08 June 2017 #Real Estate
A large percentage of modern leases of business premises include break clauses and virtually all will include provisions restricting the assignment and underletting of the lease. A landlord will generally seek to control the exercise of a tenant’s break and the tenant’s right to assign or underlet its premises as far as possible without damaging any future rent review on the grounds that the lease contains onerous conditions.
The Code for Leasing Business Premises in England and Wales 2007 (“the Lease Code”) is a code resulting from the discussion between representatives of landlords, tenants and the government. The aim of the Lease Code is to provide a document to be used as a checklist for negotiations before the grant of a lease and lease renewals. Many major landlords have agreed to be bound by the provisions of the Lease Code.
Notwithstanding the existence of the Lease Code, we still see numerous leases for business premises which contain break clause and alienation provisions which are in direct conflict with the provisions of the Lease Code.

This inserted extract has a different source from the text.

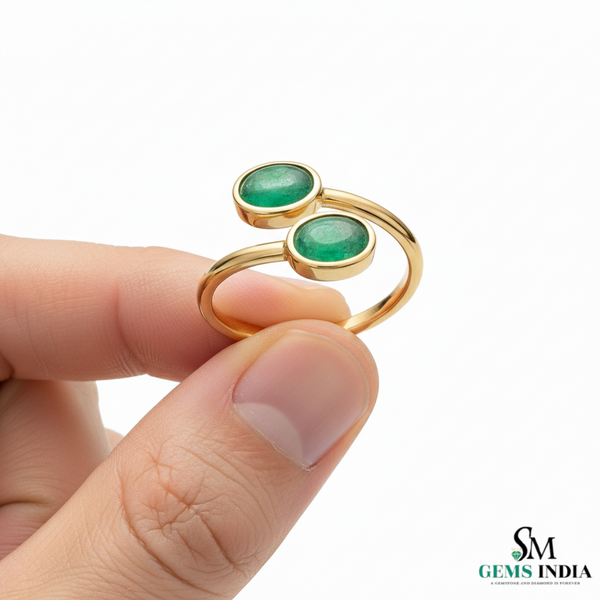 Double Oval Emerald Gold Ring – Modern Bypass Statement Ring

As a reminder for landlords and tenants the Lease Code provides as follows:
Notwithstanding this clear wording, many landlords and their solicitors still provide break clauses containing the provision that the tenant will not be entitled to exercise the break if “there is a subsisting breach of any of the covenants or conditions on the part of the tenant in this lease” or similar wording.
As landlords are aware, such wording is likely to make the break clause unenforceable. Any tenant is likely to be in breach of some provision contained in the lease, however minor, and this wording will entitle the landlord to prevent the exercise of the break. It should always be rejected by a tenant.
Although there is no mention in the Lease Code of the payment of any penalty by the tenant prior to the date on which the lease is to be broken, tenants need to remember that where such penalty payment has been agreed, it must be paid before the specified date. If it is not, the landlord will be entitled to refuse to accept any break by the tenant.
The Lease Code also provides that “an authorised guarantee agreement should not be required as a condition of the assignment unless at the date of the assignment:
The above wording is generally ignored in modern commercial leases.
The majority of new business leases contain many specific conditions that must be complied with including:
This is one of the worst provisions to be imposed as, if the current tenant is a very strong covenant, it may enable the landlord to reject a satisfactory tenant whose only issue is that he is of weaker covenant strength than the current tenant;
Where leases automatically impose the above-mentioned conditions, no consideration is given as to whether or not these conditions are reasonable. The obligation to be reasonable was imposed on landlords by the Landlord and Tenant Act 1927 but relaxed as a result of the provisions in the Landlord and Tenant (Covenants) Act 1995.
It may well be that it is reasonable for the assignee to provide a guarantor or for consent to assignment to be refused if the assignee is not of sufficient financial standing to enable it to comply with the tenant’s covenants or conditions. However, a tenant should argue very strongly against the inclusion of a provision automatically entitling the landlord to refuse consent where in the reasonable opinion of the landlord the value or marketability of the landlord’s reversionary interest would be diminished. It is not appropriate for a landlord to take this into account when granting consent to an assignment. Its only concern should be that the assignee is of adequate financial standing to enable it to comply with the tenant’s covenants, including payment of the rent and any other monies due.
As set out above, the Lease Code provides that authorised guarantee agreements (AGAs) should not be required save in specific circumstances. However, as most commercial tenants will be aware, new commercial leases almost always require an AGA on completion of an assignment. It is always worth pressing for a provision that an AGA will only be required where reasonable.
It is not unusual for landlords to require that any rent is paid up before consent for an assignment is given but a reference to refusal of consent because there is a material breach of covenant leaves open the question of what is a “material breach of covenant”. Such wording should always be rejected if possible. If there is a specific breach that the landlord required to be rectified, this may be treated as a reasonable ground for refusing consent but very open wording is not helpful.
The Lease Code also provides that subleases to be excluded from the renewal provisions of the Landlord and Tenant Act 1954 should not have to be on the same terms as the tenant’s lease.
Modern leases generally, but not always, confirm that any subletting should be at the then current market rent. Wording providing that a sublease must be at the greater of the market rent and the passing rent must be avoided at all costs as such wording will result in the tenant being unable to sublet if there is a collapse in rents in the commercial property market.
Notwithstanding the wording in the Lease Code, it is unusual for leases not to provide that subleases must be on the same terms as the tenant’s lease insofar as they relate to the premises demised. It is worth mentioning the provisions of the Lease Code to the landlord if there are specific differences to the headlease that the tenant and the subtenant want to include in the terms of a sublease.